Given information:
......
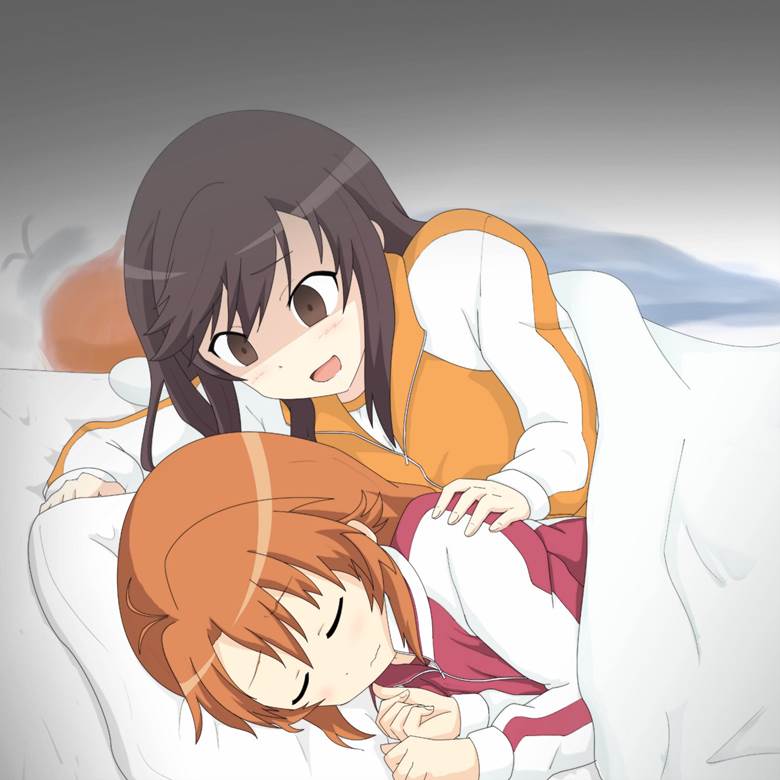 Komari Koshigaya, Hotaru Ichijou, non non biyori, yuri, Older girl/loli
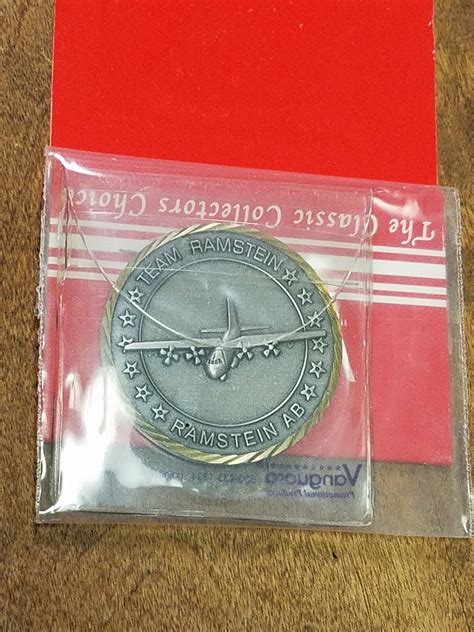 Vanguard Usaf Ramstein Air Base Cross Into The Blue Challenge Coin 1 3
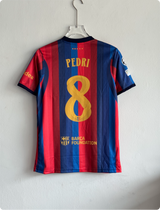 BARCELONA 26-27 HOME KIT PEDRI EMBROIDERY PREMIUM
......
Problem requirements: Line by line, give the material above again exactly, but without any pictures.

Output for this exercise:
 Komari Koshigaya, Hotaru Ichijou, non non biyori, yuri, Older girl/loli
 Vanguard Usaf Ramstein Air Base Cross Into The Blue Challenge Coin 1 3
 BARCELONA 26-27 HOME KIT PEDRI EMBROIDERY PREMIUM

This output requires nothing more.